Just wanted to share quickly that Qwen 2.5 Coder 32b was released yesterday and this is now my favorite model already for working with oTToDev. The 7b parameter version of Qwen 2.5 Coder has been around for a while, but this larger version is brand new and totally crushing it! I’d highly recommend giving it a shot if your machine is capable!
I’ll be making content around it this week. Also I’ll pin this post for the week since honestly this is a pretty big deal considering how well it is performing!
Here is a link to the model in the Ollama library:
Running a large language model like Qwen 2.5-Coder 32B on a laptop is likely to be challenging due to the significant computational and memory requirements of such models.
The RTX 4070 has 12GB of dedicated VRAM. While this is substantial, loading and running a 32B model would likely require more VRAM than is available. Even if you could fit the model into VRAM, the performance would likely be very slow. While the RTX 4070 and 16GB of RAM provide some capability for running large models, the combination of insufficient VRAM, limited system RAM, and the processor’s limitations make it impractical to run Qwen 2.5-Coder 32B on this setup. For practical use, you would likely need a more powerful system with at least 32GB of system RAM and a GPU with more VRAM, such as an RTX 3090 or RTX 4090. Alternatively, you could consider using cloud-based services that provide access to powerful GPUs and the necessary infrastructure to run such large models.

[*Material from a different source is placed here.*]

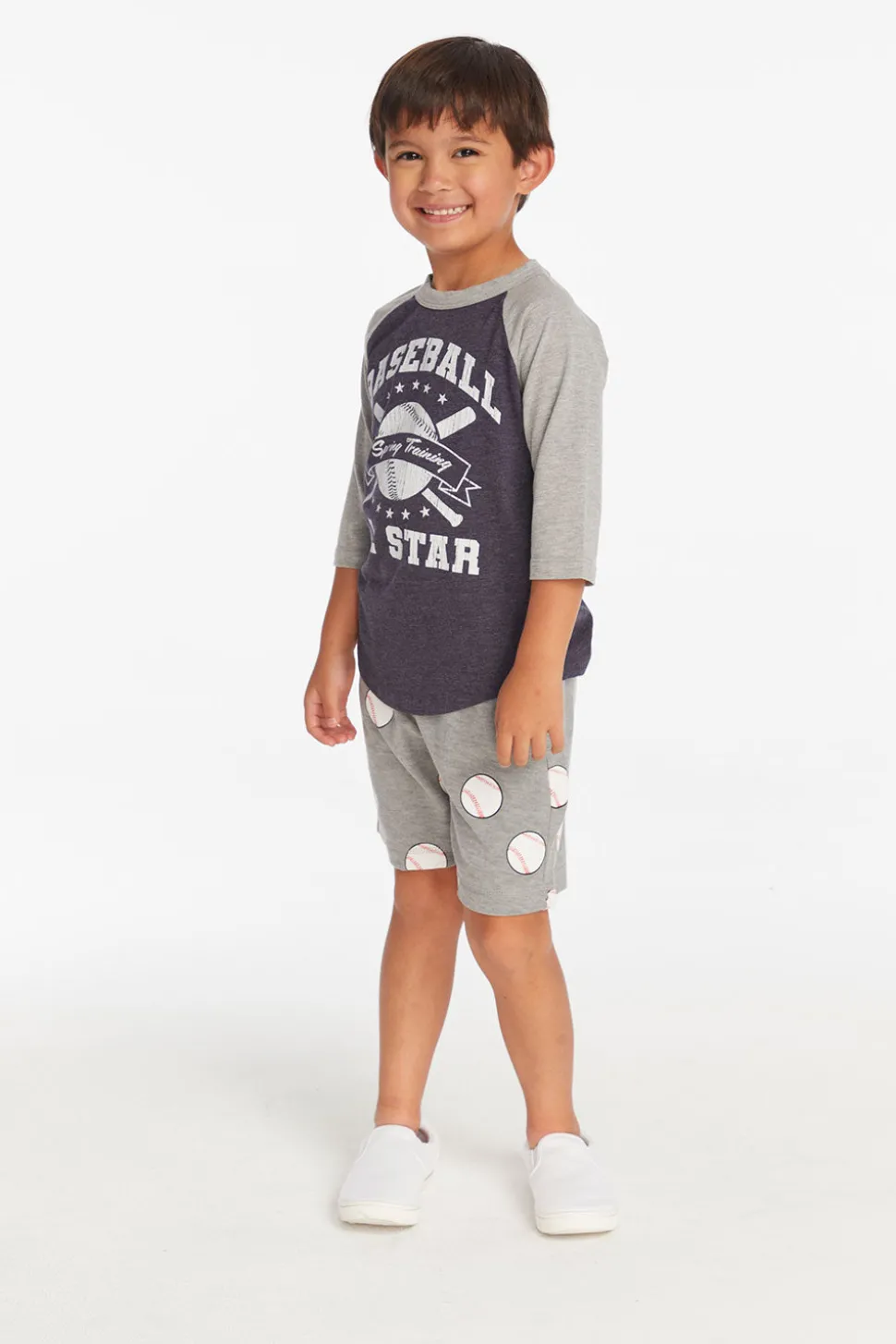 Chaser Brand Spring Training Boys Baseball Tee Best Sale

qwen coder 32b is a stretch for my M1 Max, so I decided to mess around with the 14b and 3b instruct models instead. According to the link @dsmflow posted, the instruct models compete fairly well against the larger base ones. Jury’s out if that’s the case, but doing some testing against oTToDev this week to find out.
yeah, it’s still do that idk why
2-3 promts is okay, but then…of-of-of-of-of-of-of-of-of-of-of-of-of
maybe the problem on hyperbolic side, i used their api
upd.
it was hyperbolic
i changed base to DeepInfra and it works perfectly
15 prompts so far, there was a lot of errors that everyone is talking about (problems with loading previews, etc), but qwen fixed them all
Hey, how did you get to choose the provider? I tried setting it as staticModels in constants, but it doesn’t show in the list if the provider is any other than OpenRouter.
Seems weird that Hyperbolic would give worse results than other providers because DeepInfra and Fireworks have 33K context and 4K max output but Hyperbolic has 128K context and 8K output. The difference should be significant. Maybe it’s one of the next features of oTToDev – an interface to tune the model parameters and choose the provider?
@dinopio Did you install the default version that Ollama gives?
The default model is actually Q4 quantization so it’s not the actual full size of the model but still performs almost as well. I would make sure you are using that!